The Institute is one of the 'Traditional Priestly Orders', that is an order whose priests are ordained in and say the EF Mass. Fr William Hudson (standing next to Mgr Wach) serves the traditional faithful in the North West of England as well as being headmaster of a school run by the Institute in Brussells. Founded in 1990, the Institute is growing quickly and is involved in an astonishing number of apostolates, notably in the USA and Canada, France, Germany, and Africa.

With our General Manager, John Medlin, and a number of LMS people we had lunch with the charming and cultivated Mgr Wach, who was visiting England for a week.

Monday, February 15, 2010

Gregorian Chant Network launched

On Saturday 30th January I chaired an LMS-sponsored meeting of directors of chant scholas and other interested parties in St Wilfrid's Hall at the London Oratory to discuss the promotion of Gregorian Chant, and launch a new organisation: the Gregorian Chant Network.

This meeting was a long time in preparation. I have been discussing ways to promote chant with a number of people for about a year, and gathering names and contact details.

One thing I am particularly proud of is getting a pretty definitive list of the amateur groups singing regularly at the Traditional Mass: something the Latin Mass Society has never had before, and which is going to be extremely useful. However, the meeting was by no means limited to 'LMS people'. It was addressed by Colin Mawby, the well-known composer who was Director of Music at Westminster Cathedral in the 1960s, and attended by a number of people connected with the Association for Latin Liturgy and the Schola Gregoriana of Cambridge, and representatives from Una Voce Scotland, the LMS's Scottish equivalent.

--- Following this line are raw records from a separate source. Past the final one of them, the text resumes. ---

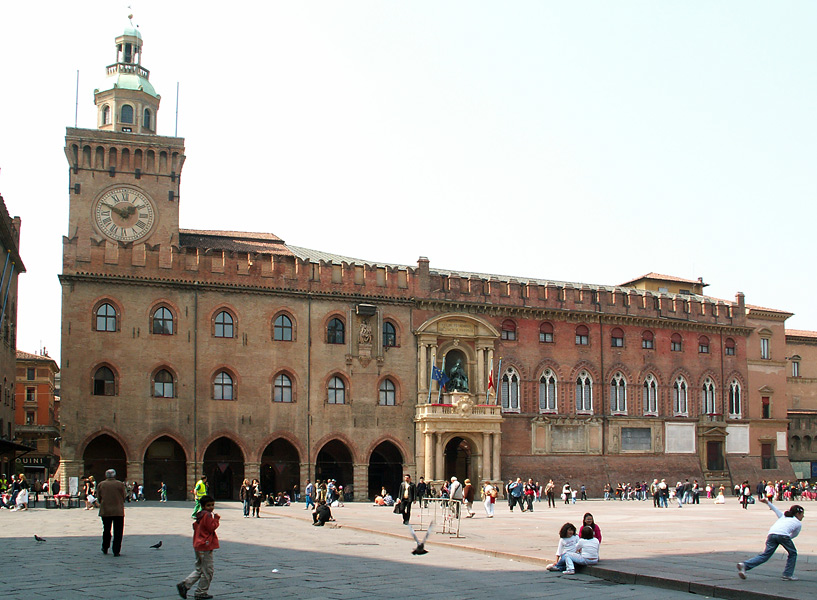 Фото Болонский университет из раздела  /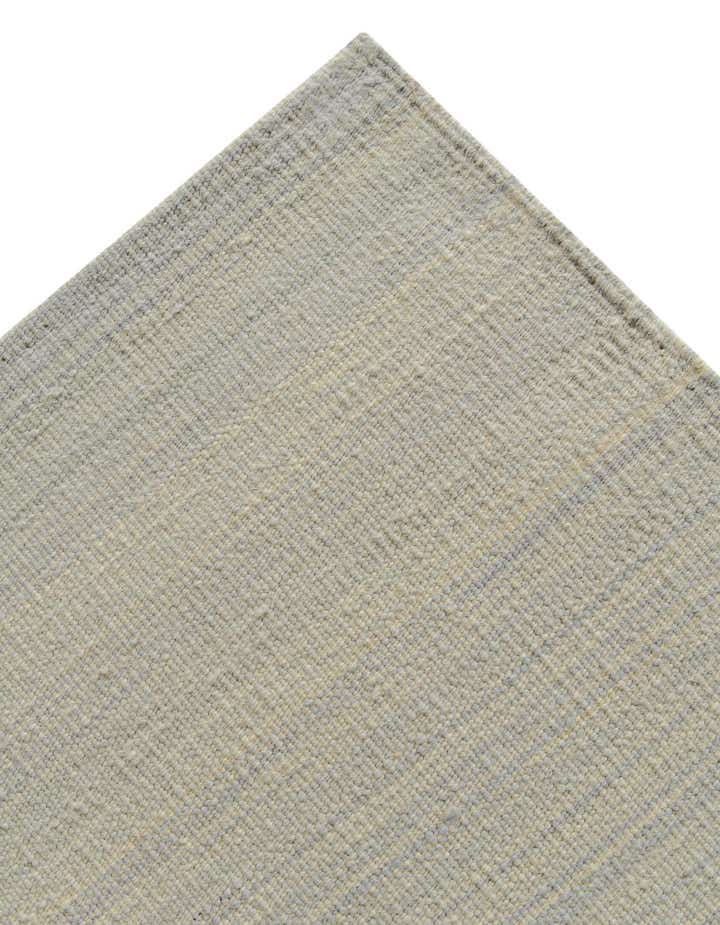 6' 8 x 9' 8 Hand Woven Kilim Modern Wool Rug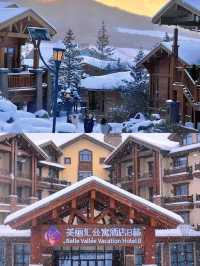 實現滑雪自由長白山西坡這家酒店真的太好住了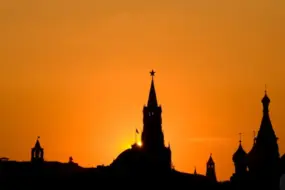 В Подмосковье прошел сигнал об атаке: сообщалось о порядка 100 БПЛА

The Gregorian Chant Network has two functions: to link chant scholas to each other, for mutual support, and to organise training events. The training events will be coordinated with the existing groups to meet their needs, but are also intended to draw more people into the chant.

View CGN Affiliated Scholas in a larger map

The Latin Mass Society supports this project because promoting Gregorian Chant is one of its charitable objects. It is also supported by the Schola Gregoriana of Cambridge, which is the biggest existing group promoting the chant and organising training events, and Una Voce Scotland, and the Association for Latin Liturgy. Nick Gale, the Director of Music at St George's Cathedral in Southwark, is also a keen supporter of the initiative, and will be directing our first training event.

The coming together of the LMS, the ALL, the Schola Gregoriana, Una Voce Scotland, many of the most prominent people in the Chant world in the UK, such as Colin Mawby, Nick Gale, and Jeremy de Satgé, and more than twenty chant scholas from all over England, Wales, and Scotland, to launch a new organisation, is a truly significant event. The enthusiasm of all the participants was very encouraging: everyone recognises the need for an organisation of this kind, and has undertaken to do what they can to promote it.

The meeting itself met our first objective: to put chant people in touch with each other, and give them moral and practical support. Colin Mawby led a practical session on conducting the chant (on Gloria TV here) which was fascinating and also of great practical usefulness to the many chant directors present.

The second objective, of chant training, we aim to accomplish by both weekend residential events and one-day workshops in strategic locations. Our first event is already being advertised: it is Nick Gale's course at the Oratory School, 9-11th April (Low Sunday).

Fr Ray Blake, whose Chant director was at the meeting, has already spotted the GCN website; it is now ready to be publicised more widely. It already has a good selection of chant resources, to which we plan to add as time goes on. Please spread the word!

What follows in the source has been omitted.